Depois, disse que os americanos têm ameaçado a estabilidade na Eurásia ao expandir sua atuação, remetendo ao aumento da assertividade nuclear da aliança entre Joe Biden e a Coreia do Sul, para ficar nas preocupações de Kim.
Os exercícios de Putin miram mostrar que suas forças estão vivas no Pacífico, onde costumam operar em conjunto com a aliada China. É a segunda demonstração do tipo em uma semana: na segunda (17), uma flotilha russa de ataque deixou Havana após cinco dias em exercícios militares no Caribe, quintal estratégico dos EUA.
O fundador da ditadura, o avô do líder atual Kim Il-sung, liderou o conflito congelado há quase 71 anos com o sul capitalista da península coreana com forte apoio soviético e chinês. Após o fim da Guerra Fria, Moscou se afastou de Pyongyang e aprovou sanções na ONU contra o regime, mas agora o jogo voltou algumas casas.
Putin mesmo só havia visitado uma vez o país, em 2000, quando encontrou-se com o pai do ditador, Kim Jong-un. Agora, deverá passar a noite em uma hospedagem para chefes de Estado construída para a recepção ao chinês Xi Jinping em 2019, ao lado do monumento em homenagem aos dois Kims, pai e avô do atual.
Putin assume um pouco o papel de Xi, nesse sentido, dado que o chinês mantém uma distância regulamentar de Kim devido a sua interdependência comercial e financeira com o Ocidente. A Rússia, sujeita a sanções duras como Pyongyang, tem pouco a perder com demonstração de amizade.
Isso não tira o peso chinês da equação: o país responde por 90% do comércio exterior da Coreia do Norte. Devolvendo a mesura, além de banquete e concerto de gala, Kim deverá oferecer ao russo um raro desfile militar para um líder estrangeiro em Pyongyang.
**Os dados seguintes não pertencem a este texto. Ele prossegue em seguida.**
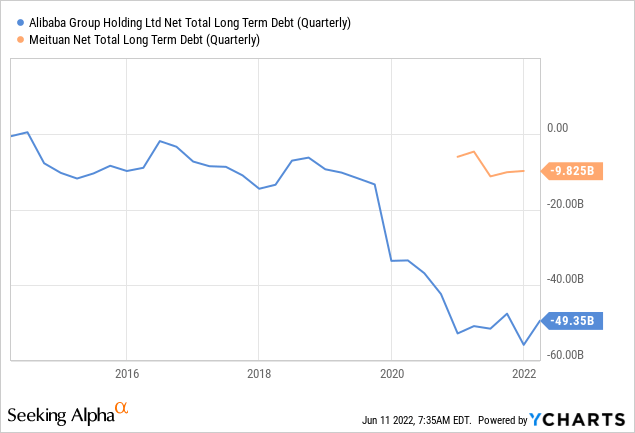 Alibaba vs Meituan long term debt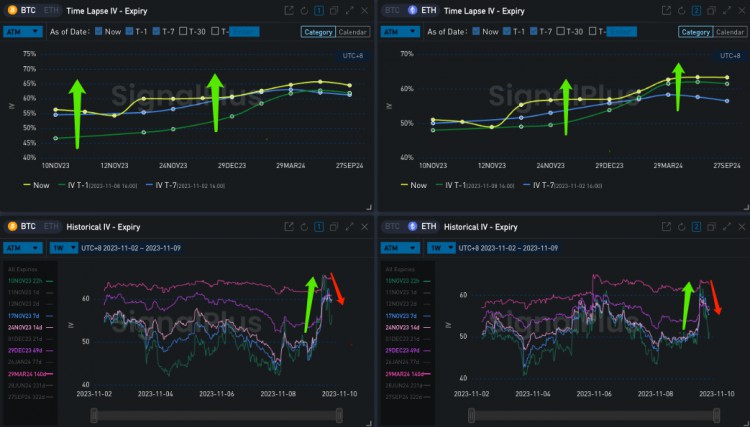 SignalPlus波动率专栏(20231109)：BTC挑战37000关口IV大涨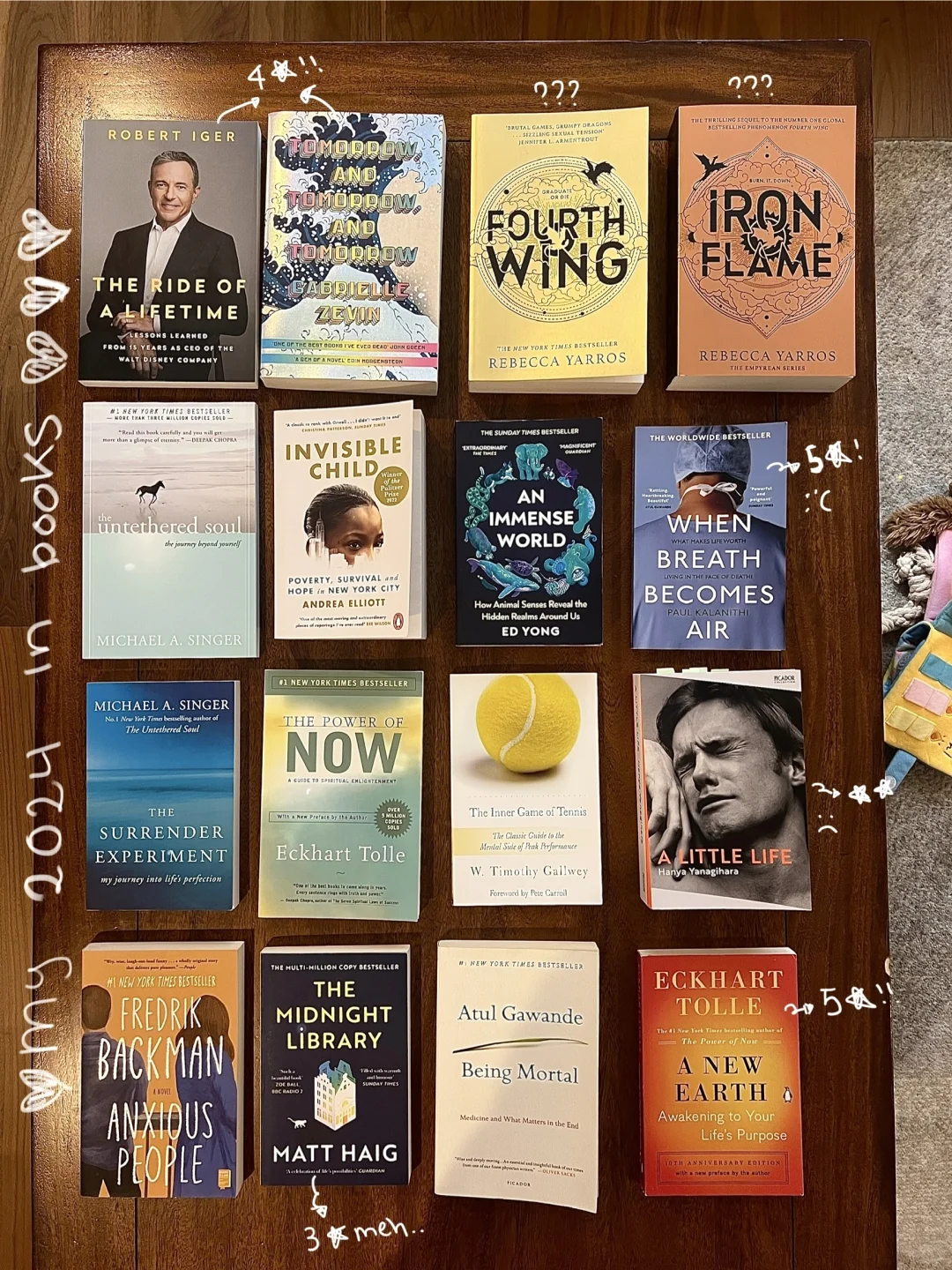 全英书评 | 2024年我的16本英文书单📖🪴🎧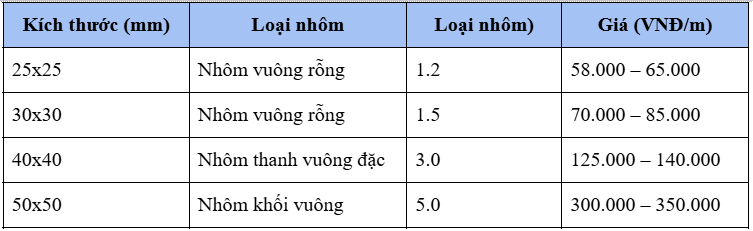 góc   phôi   ke   hộp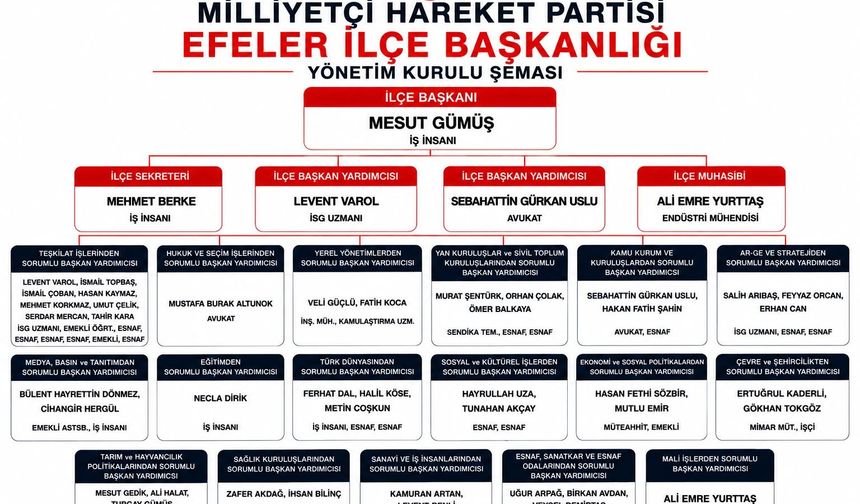 MHP Efeler’de Yeni Yönetimin Görev Dağılımı Belli Oldu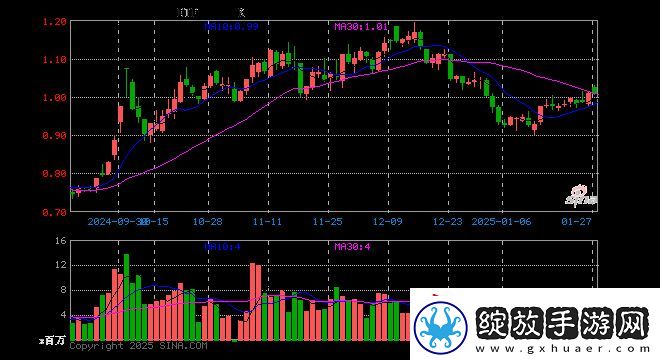 游戏ETF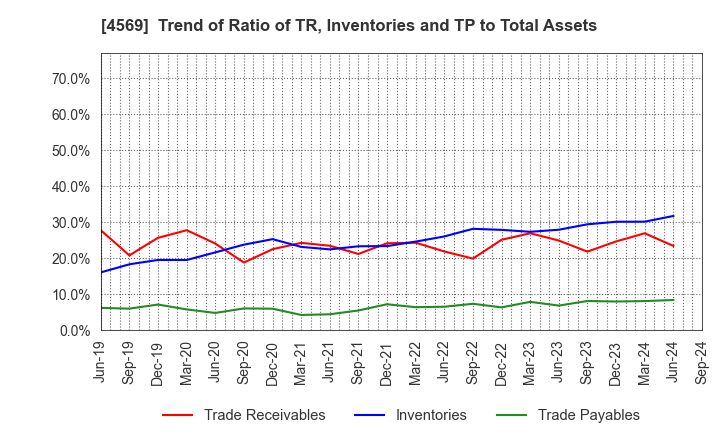 4569 KYORIN Pharmaceutical Co., Ltd.: Trend of Ratio of TR, Inventories and TP to Total Assets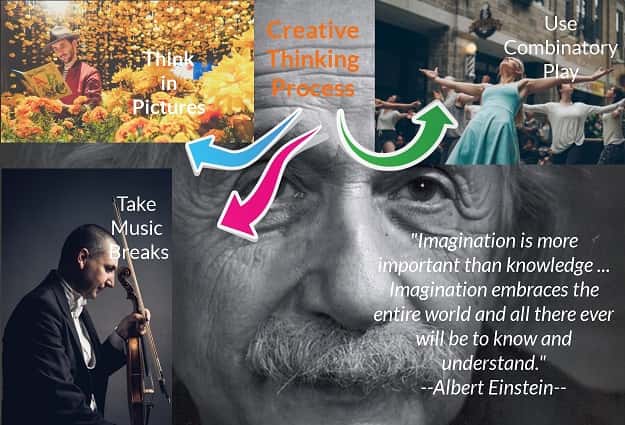Creative force of the brain - Einstein Thinking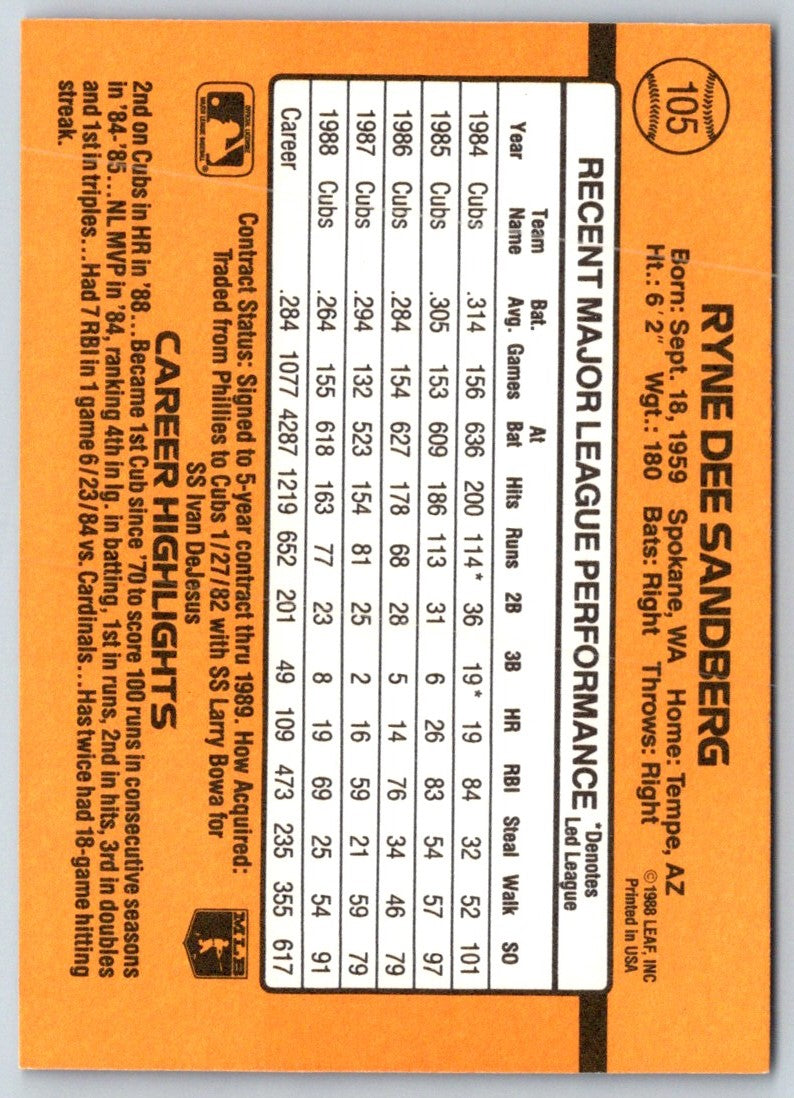 1989 Donruss Ryne Sandberg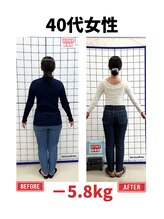 はぴねす整骨院/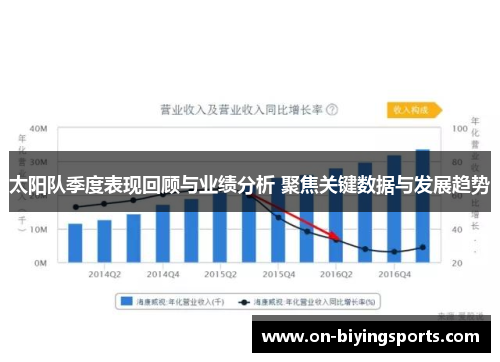 太阳队季度表现回顾与业绩分析 聚焦关键数据与发展趋势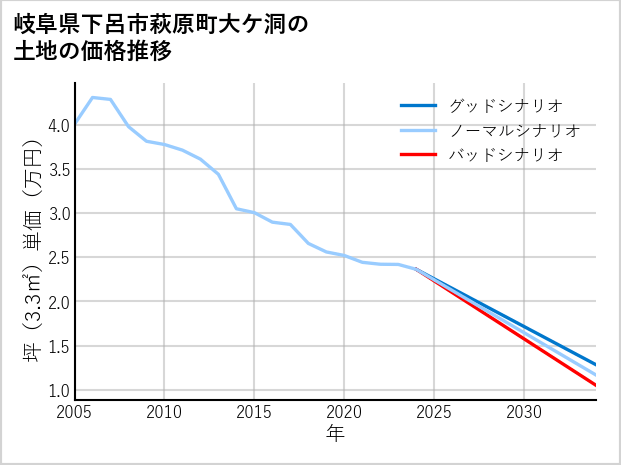 岐阜県下呂市萩原町大ケ洞の土地価格推移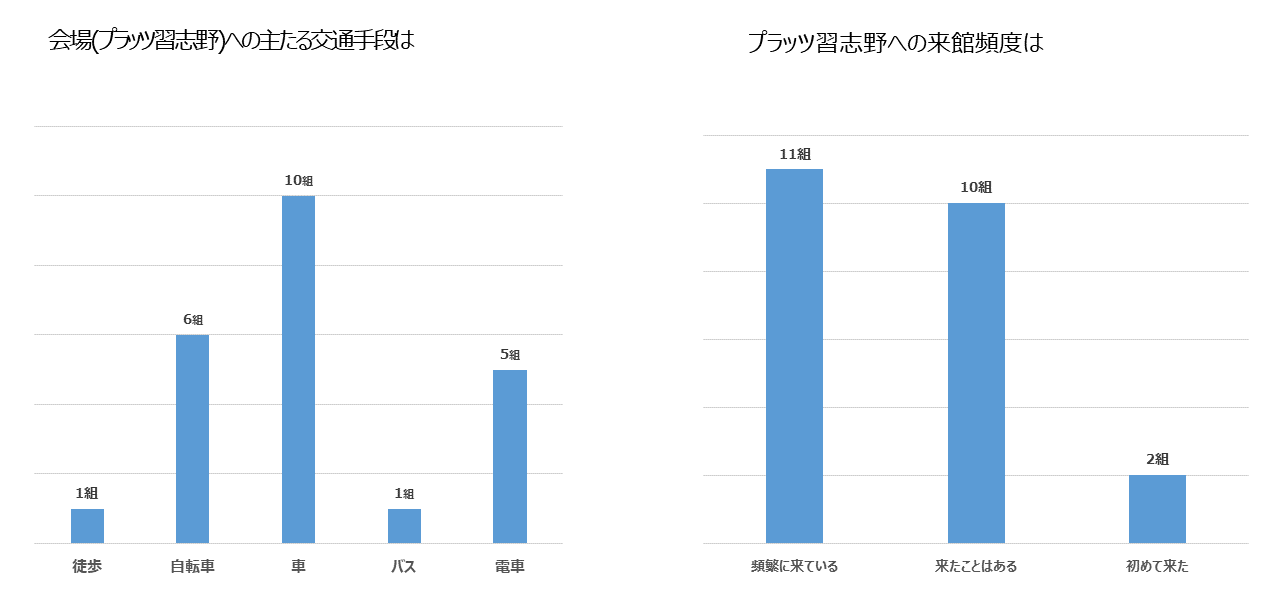 プラッツ習志野への主な来場手段:徒歩1組、自転車6組、車10組、バス1組、電車5組、来場頻度:頻繁に来ている11組、来たことある10組、初めて来た2組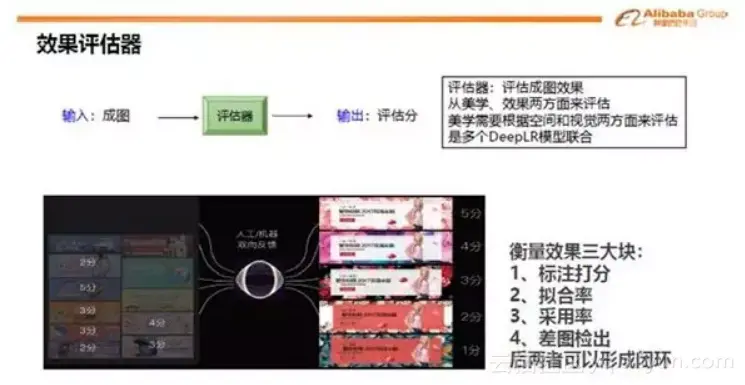 阿里AI设计师一秒出图，小撒连连惊呼，真相是...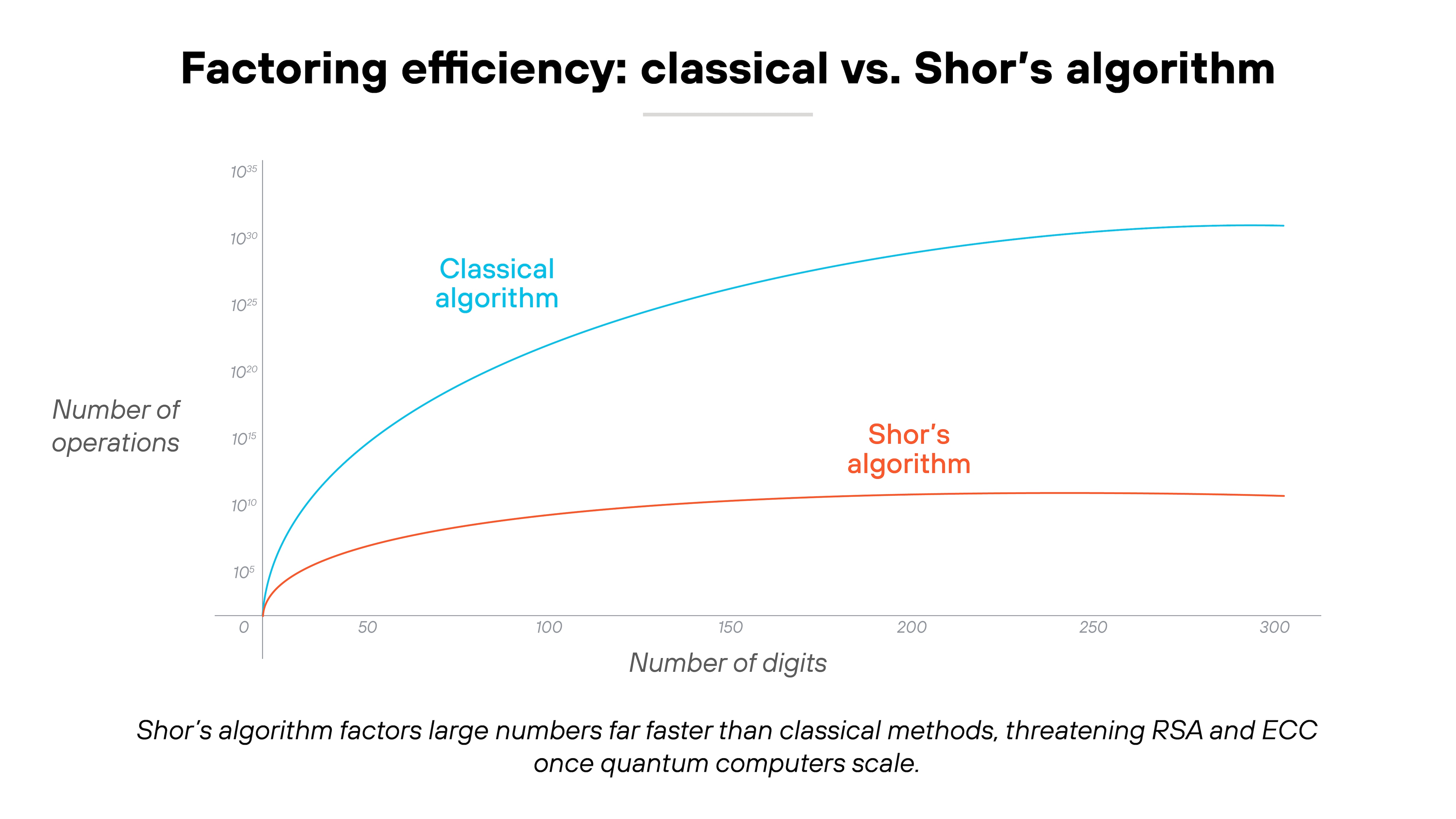 Line graph titled 'Factoring efficiency: classical vs. Shor's algorithm' with the vertical axis labeled 'Number of operations' and the horizontal axis labeled 'Number of digits.' Blue curve labeled 'Classical algorithm' rises steeply at first and continues upward across the graph. Red curve labeled 'Shor's algorithm' starts lower, increases slightly, and then levels off well below the blue curve. Caption below reads 'Shor's algorithm factors large numbers far faster than classical methods, threatening RSA and ECC once quantum computers scale.' Line graph titled 'Factoring efficiency: classical vs. Shor's algorithm' with the vertical axis labeled 'Number of operations' and the horizontal axis labeled 'Number of digits.' Blue curve labeled 'Classical algorithm' rises steeply at first and continues upward across the graph. Red curve labeled 'Shor's algorithm' starts lower, increases slightly, and then levels off well below the blue curve. Caption below reads 'Shor's algorithm factors large numbers far faster than classical methods, threatening RSA and ECC once quantum computers scale.'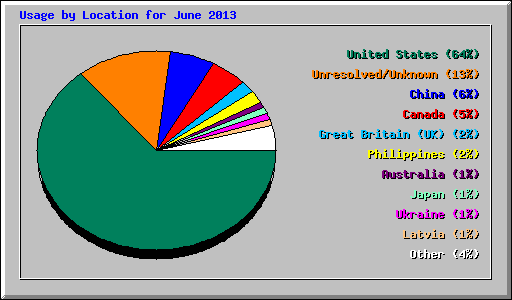 Usage by Location for June 2013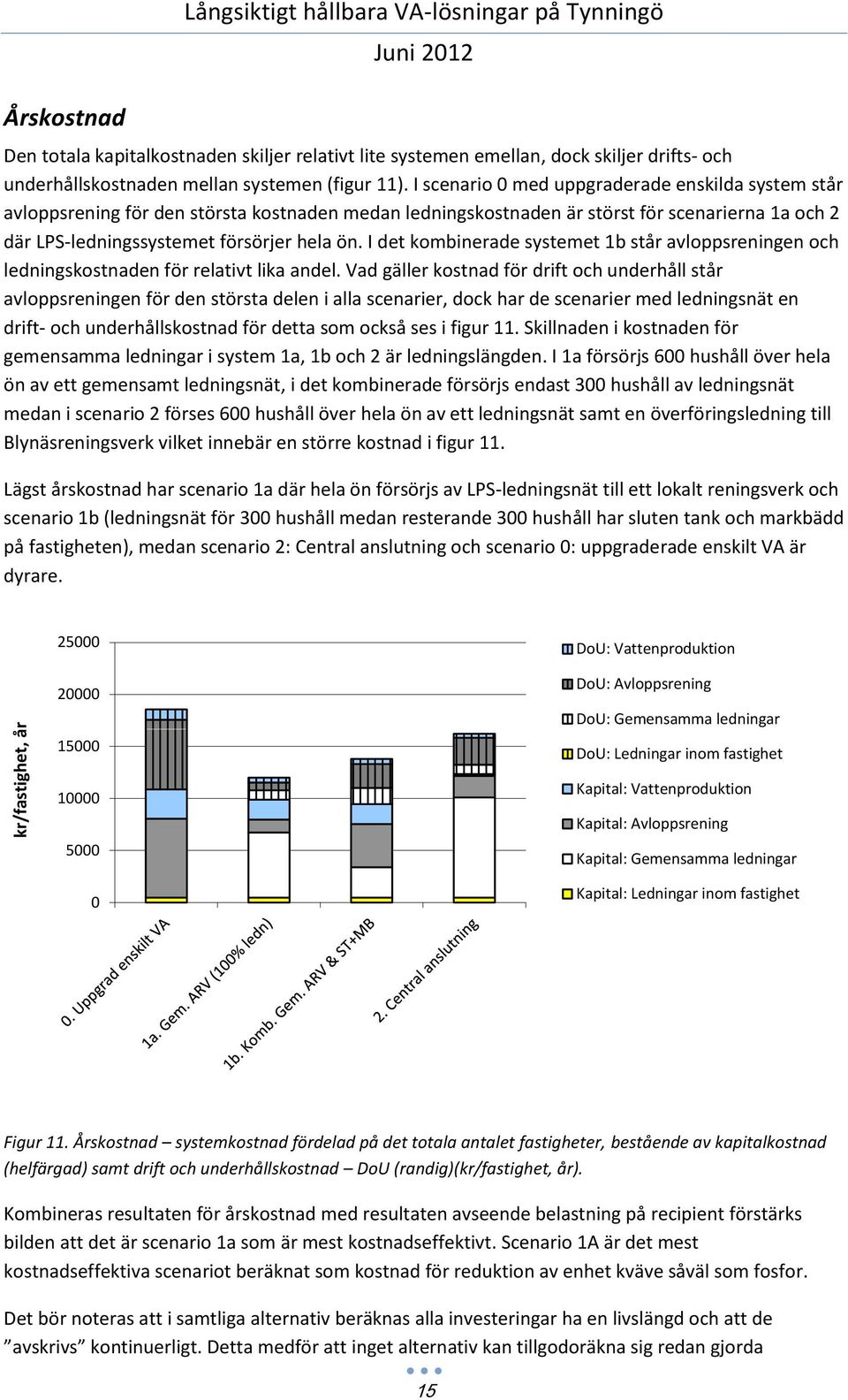 I scenario 0 med uppgraderade enskilda system står avloppsrening för den största kostnaden medan ledningskostnaden är störst för scenarierna 1a och 2 där LPS-ledningssystemet försörjer hela ön.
Lá, alguns dos mísseis balísticos que repassou a Moscou e que já foram encontrados como destroços na Ucrânia deverão estar presentes.
De seu lado, o ditador chamou a invasão da Ucrânia de “guerra sagrada do povo russo”. A visita de Putin ocorre após a cúpula de paz convocada pela Suíça no fim de semana redundar numa reunião de quem já apoiava a Ucrânia.
Os russos, que não foram chamados, celebraram a falta de consenso em torno de um comunicado final do evento.
Criticados por faltar e acusados na segunda pela Otan [aliança militar ocidental] de apoiar a guerra russa, os chineses responderam em tom inusualmente duro nesta terça. “Aconselhamos a Otan a parar de troca a culpa e plantar discórdia, e sim fazer algo prático para a solução política da crise”, afirmou o porta-voz Lin Jian.
Na sequência, Putin irá nesta quarta (19) ao Vietnã, país que mantém relações com o Ocidente, mas recusou participar do encontro suíço.